WORK REQUEST>
Word for word, copy the line that contains "Accessories and tools" and each line after it in the data below. Pictures stay out of the copy.
++++ GIVEN INFORMATION
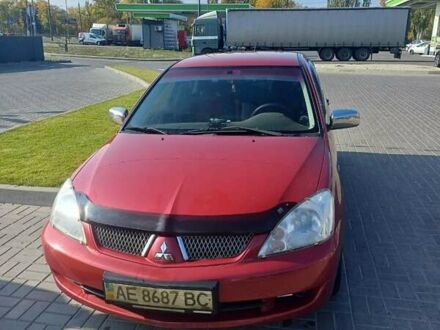 Червоний Міцубісі Lancer, об'ємом двигуна 1.6 л та пробігом 73 тис. км за 5500 $, фото 1 на Automoto.ua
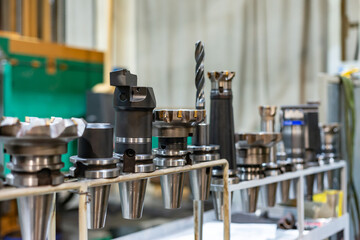 Accessories and tools for a CNC machine on a rack for equipment at a factory and enterprise.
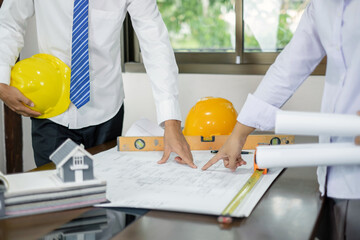 Team of male and female engineers and architects, working meeting, discussing construction, and...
++++++++
RESPONSE BELOW>
 Accessories and tools for a CNC machine on a rack for equipment at a factory and enterprise.
 Team of male and female engineers and architects, working meeting, discussing construction, and...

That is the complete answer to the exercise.